Identification
Veuillez vous identifier

Mot de passe oublié?
Rechercher


Recherche avancée

Ah! La voiture…

Jean-François Cavin
La Nation n° 2218 13 janvier 2023

Notre écho Un « contrat» bancal, paru dans La Nation no 2216, nous a valu une réponse de M. Benoît Gaillard:

En usant notamment d’une comparaison féline qui, je l’admets, m’a tiré un sourire, un membre de la rédaction de La Nation revenait brièvement dans votre dernier numéro sur un texte d’opinion que j’ai donné à 24 heures il y a quelques semaines. De toute évidence, il ne soutenait pas mon point de vue.

Il me semble utile, ici, de répondre sur deux plans. D’abord, très concrètement: la nouvelle répartition de l’espace public urbain que j’appelle de mes vœux ne contiendra en effet pas beaucoup de mesures en faveur de la voiture individuelle, car celle-ci part d’une telle position de force qu’on voit mal quels avantages nouveaux lui octroyer. Il faudrait méconnaître crassement l’histoire pour nier que la deuxième partie du XXe siècle a été consacrée à adapter les villes à l’automobile. Il y a à partir de là deux points de vue: celui qui estime que la situation qui en découle, et qui était celle des principales agglomérations vaudoises au début de ce siècle, mérite d’être mise en perspective et corrigée pour redonner aux rues et aux places d’autres fonctions que d’êtres des routes et des parkings; celui qui au contraire considère que la voiture personnelle partout et tout le temps, c’est le summum de l’avancement humain, qu’importent les bouchons, les accidents, la pollution, le bruit. Que La Nation croie devoir se ranger derrière le progressisme simplet et technophile, derrière l’adhésion naïve au produit le plus typique du consumérisme des Trente glorieuses que traduit la seconde position ne laisse de me surprendre.
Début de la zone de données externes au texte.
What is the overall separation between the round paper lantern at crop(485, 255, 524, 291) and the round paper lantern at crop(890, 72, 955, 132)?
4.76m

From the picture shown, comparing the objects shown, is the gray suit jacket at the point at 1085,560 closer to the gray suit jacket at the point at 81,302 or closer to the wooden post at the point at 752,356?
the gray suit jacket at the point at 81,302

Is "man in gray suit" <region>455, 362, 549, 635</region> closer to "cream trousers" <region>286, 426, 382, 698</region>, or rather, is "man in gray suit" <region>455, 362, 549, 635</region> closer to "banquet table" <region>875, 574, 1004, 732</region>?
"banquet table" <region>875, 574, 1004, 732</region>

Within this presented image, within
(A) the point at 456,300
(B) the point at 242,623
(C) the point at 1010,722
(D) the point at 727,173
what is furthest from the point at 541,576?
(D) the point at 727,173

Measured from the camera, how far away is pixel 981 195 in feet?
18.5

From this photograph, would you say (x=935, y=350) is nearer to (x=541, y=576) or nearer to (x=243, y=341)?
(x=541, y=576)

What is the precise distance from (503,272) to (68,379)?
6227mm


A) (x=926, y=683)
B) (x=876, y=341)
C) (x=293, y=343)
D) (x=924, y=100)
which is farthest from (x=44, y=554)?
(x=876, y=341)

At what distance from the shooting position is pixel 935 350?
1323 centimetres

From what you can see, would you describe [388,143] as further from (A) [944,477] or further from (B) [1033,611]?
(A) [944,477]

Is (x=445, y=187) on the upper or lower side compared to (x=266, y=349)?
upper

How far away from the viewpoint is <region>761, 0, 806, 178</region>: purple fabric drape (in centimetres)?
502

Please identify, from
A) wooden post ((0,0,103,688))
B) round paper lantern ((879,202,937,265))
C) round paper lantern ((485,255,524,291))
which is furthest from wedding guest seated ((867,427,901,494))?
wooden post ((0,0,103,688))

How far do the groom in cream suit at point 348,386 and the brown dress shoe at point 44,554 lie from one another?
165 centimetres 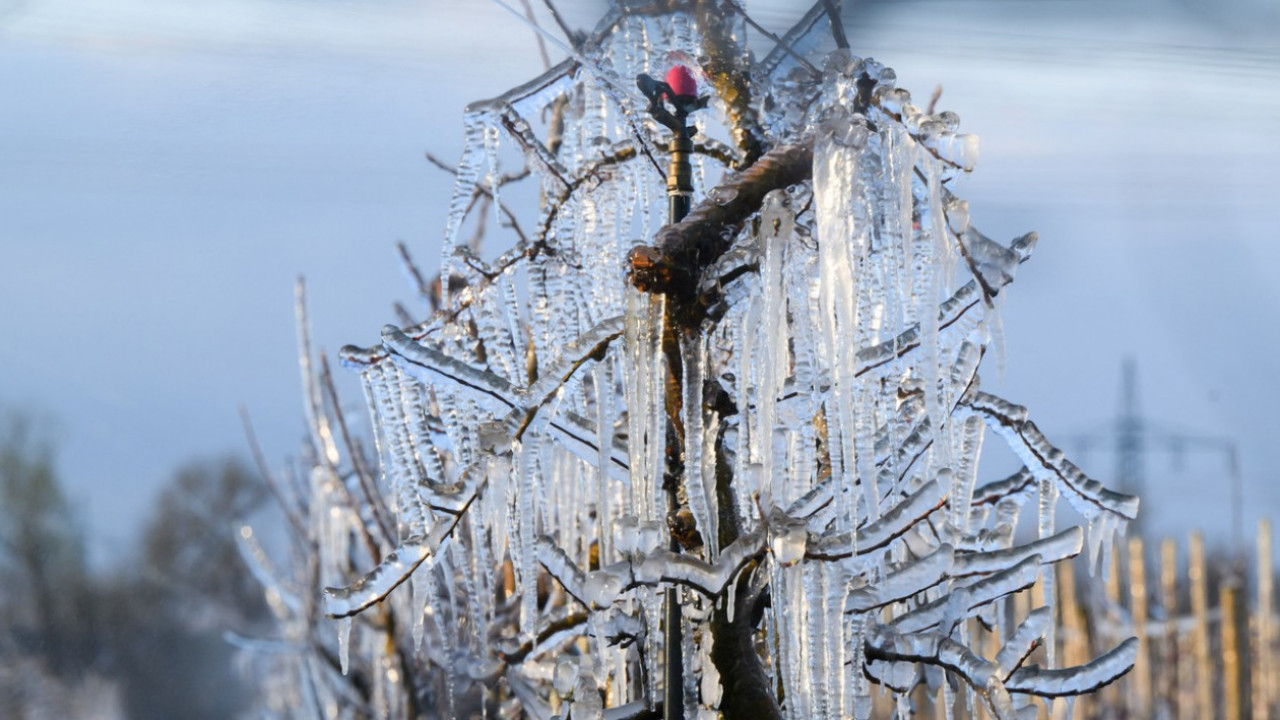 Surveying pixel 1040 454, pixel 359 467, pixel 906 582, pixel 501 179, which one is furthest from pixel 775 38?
pixel 359 467

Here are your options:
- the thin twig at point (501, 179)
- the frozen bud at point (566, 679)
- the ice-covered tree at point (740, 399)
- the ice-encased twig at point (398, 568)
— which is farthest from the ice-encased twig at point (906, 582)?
the thin twig at point (501, 179)

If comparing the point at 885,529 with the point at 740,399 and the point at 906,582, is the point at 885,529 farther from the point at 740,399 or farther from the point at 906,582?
the point at 740,399

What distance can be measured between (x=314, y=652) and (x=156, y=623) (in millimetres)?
22396

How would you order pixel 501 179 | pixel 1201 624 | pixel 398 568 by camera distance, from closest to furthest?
1. pixel 398 568
2. pixel 501 179
3. pixel 1201 624

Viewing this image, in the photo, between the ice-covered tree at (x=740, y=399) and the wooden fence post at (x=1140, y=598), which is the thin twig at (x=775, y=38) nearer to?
the ice-covered tree at (x=740, y=399)

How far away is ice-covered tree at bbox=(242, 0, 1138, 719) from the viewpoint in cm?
202

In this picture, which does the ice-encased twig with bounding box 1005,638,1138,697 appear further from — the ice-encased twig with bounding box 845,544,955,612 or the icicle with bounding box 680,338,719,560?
the icicle with bounding box 680,338,719,560

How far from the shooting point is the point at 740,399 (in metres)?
2.20

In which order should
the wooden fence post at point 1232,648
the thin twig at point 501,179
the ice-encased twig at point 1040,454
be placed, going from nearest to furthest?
the ice-encased twig at point 1040,454 → the thin twig at point 501,179 → the wooden fence post at point 1232,648

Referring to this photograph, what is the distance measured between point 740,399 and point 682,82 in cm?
58

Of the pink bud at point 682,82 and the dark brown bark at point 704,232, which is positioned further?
the pink bud at point 682,82

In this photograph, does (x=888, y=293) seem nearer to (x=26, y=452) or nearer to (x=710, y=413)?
(x=710, y=413)

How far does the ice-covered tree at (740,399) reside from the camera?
2018mm

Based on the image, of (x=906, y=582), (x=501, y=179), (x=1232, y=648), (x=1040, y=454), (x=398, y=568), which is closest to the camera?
(x=906, y=582)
Car enfin, deuxièmement, il est utile d’analyser sérieusement les effets de l’automobile sur la vie sociale et culturelle. La voiture a ouvert de nouveaux horizons à de nombreuses couches de la population, démocratisant et accélérant les déplacements. Rien que cette amélioration n’est déjà pas sans ambiguïté du point de vue du développement de la société, mais je laisse ici cette question ouverte car elle dépasserait de loin le cadre de la présente réplique. Ce qui est à mon avis plus univoque, c’est la catastrophe que constitue l’aménagement du territoire et de l’urbanisme pensé uniquement sous l’angle de la compatibilité avec l’automobile. Il faut d’ailleurs rappeler qu’en Suisse comme ailleurs, la voiture a d’abord dû être imposée par des milieux économiques puissants à des populations qui ne voyaient pas pourquoi leurs lieux de rencontre, de déambulation et de déplacement à pied ou à cheval devaient devenir l’endroit d’une circulation rapide et dangereuse. Il n’y a même pas cent ans que les voitures ont le droit de circuler dans le canton des Grisons. Pourquoi les défenseurs d’une idée ambitieuse de la communauté, de son unité et de la primauté de certains devoirs et liens collectifs sur la liberté individuelle ne se posent-ils pas la question de savoir comment on a pu, au nom de la bagnole, au pire détruire et au mieux rendre impropre à toute émotion esthétique ou à tout échange humain tant les centres historiques de nos villages vaudois que les places et rues de nos villes? Pourquoi ne s’interrogent-ils pas sur le modèle de relations entre membres de la même communauté que créé et promeut l’automobile? Ces questions appellent des réponses nuancées, certes, mais se les poser sérieusement permettrait d’éviter les oppositions faciles. Choisi ou inconscient, l’aveuglement qu’elle manifeste sur ce sujet n’honore pas La Nation.

Benoît Gaillard

 

Saisissant l’occasion d’une pichenette que nous lui lancions, M. Gaillard développe un réquisitoire contre la civilisation de l’automobile. Nous n’allons pas ici présenter une réflexion d’ensemble sur le sujet, mais nous limiter à trois remarques.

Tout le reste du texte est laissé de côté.